AVAILABLE RECORDS →
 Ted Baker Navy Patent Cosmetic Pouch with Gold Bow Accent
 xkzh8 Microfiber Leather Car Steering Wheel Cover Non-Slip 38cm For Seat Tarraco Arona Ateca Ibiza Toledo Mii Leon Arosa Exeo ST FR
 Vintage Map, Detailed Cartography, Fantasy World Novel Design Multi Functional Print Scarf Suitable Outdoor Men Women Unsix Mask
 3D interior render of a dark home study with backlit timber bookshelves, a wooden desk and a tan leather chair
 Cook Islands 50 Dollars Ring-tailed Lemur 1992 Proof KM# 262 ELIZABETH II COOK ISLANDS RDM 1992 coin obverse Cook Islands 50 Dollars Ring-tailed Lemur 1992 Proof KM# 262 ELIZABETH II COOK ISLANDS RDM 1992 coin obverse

...

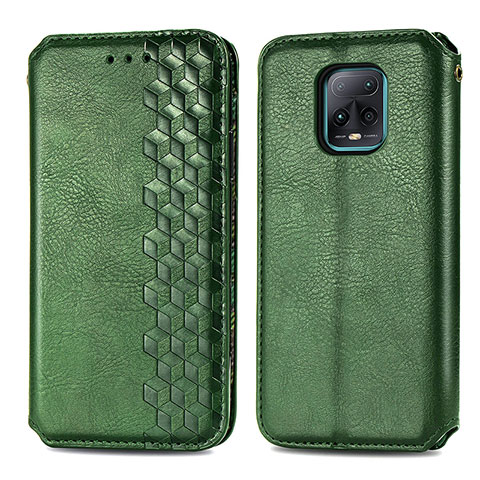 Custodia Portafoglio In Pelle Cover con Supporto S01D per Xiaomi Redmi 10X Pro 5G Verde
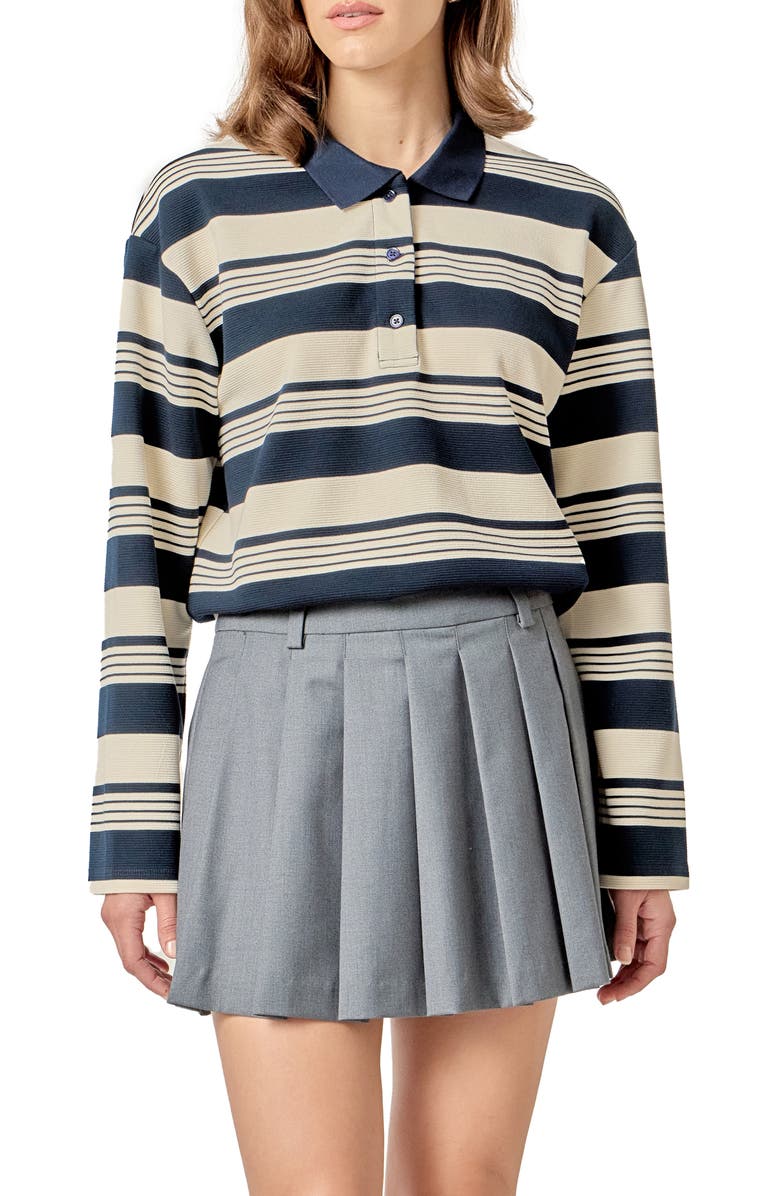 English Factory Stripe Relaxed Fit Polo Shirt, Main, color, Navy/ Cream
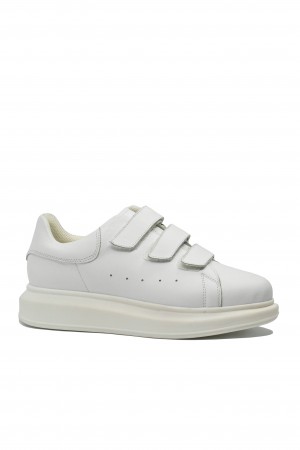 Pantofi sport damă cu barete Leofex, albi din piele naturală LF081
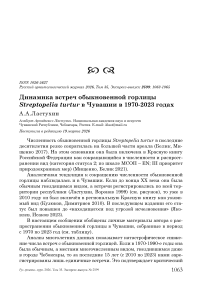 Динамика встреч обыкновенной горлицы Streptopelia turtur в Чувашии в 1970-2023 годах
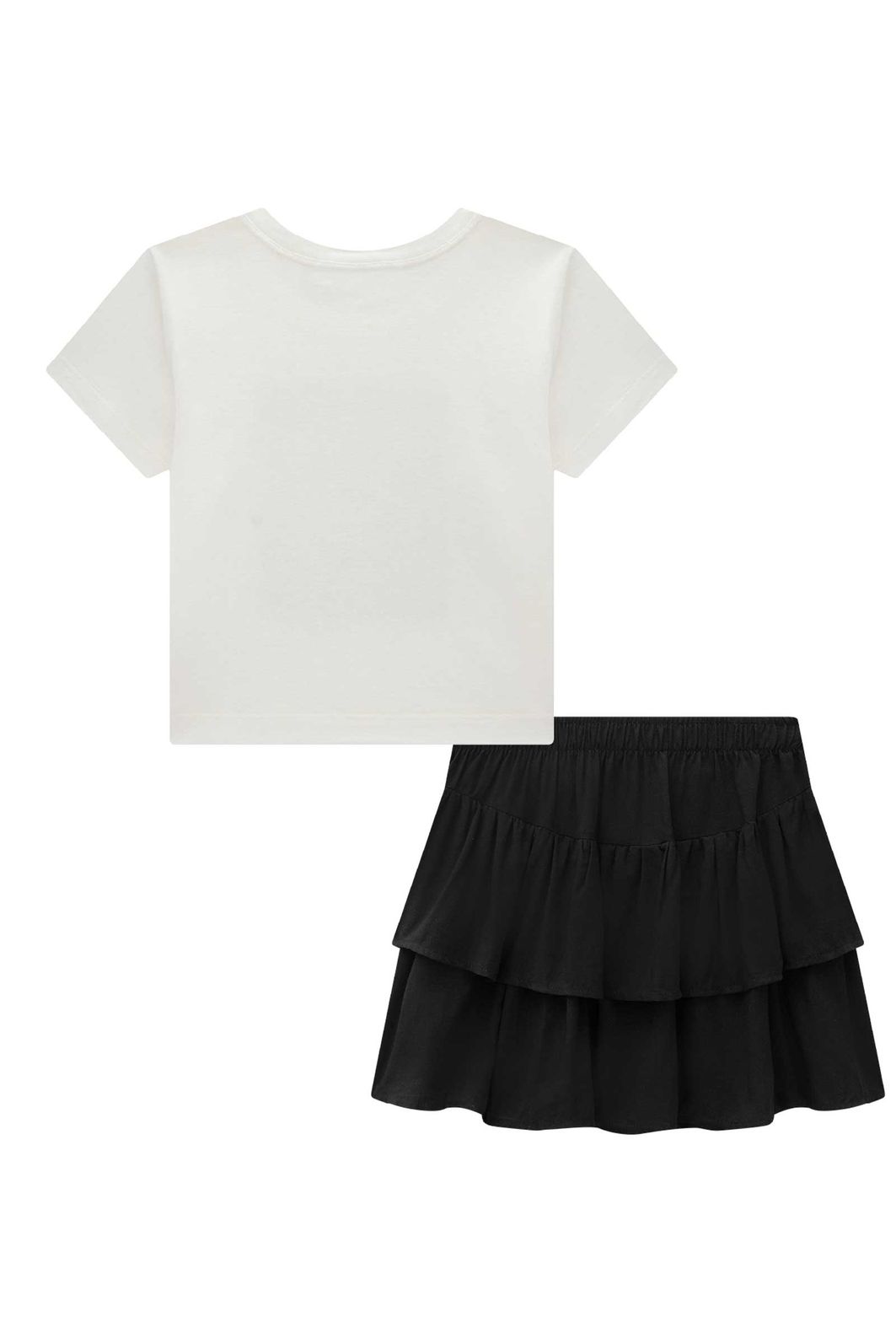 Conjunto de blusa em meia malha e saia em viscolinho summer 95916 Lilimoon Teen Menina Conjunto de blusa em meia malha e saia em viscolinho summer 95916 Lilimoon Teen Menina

REQUIRED ACTION → Could you transcribe the entries above word for word, from the line with "3D interior render" down to the line with "coin obverse Cook", keeping both?

EXERCISE SOLUTION →
 3D interior render of a dark home study with backlit timber bookshelves, a wooden desk and a tan leather chair
 Cook Islands 50 Dollars Ring-tailed Lemur 1992 Proof KM# 262 ELIZABETH II COOK ISLANDS RDM 1992 coin obverse Cook Islands 50 Dollars Ring-tailed Lemur 1992 Proof KM# 262 ELIZABETH II COOK ISLANDS RDM 1992 coin obverse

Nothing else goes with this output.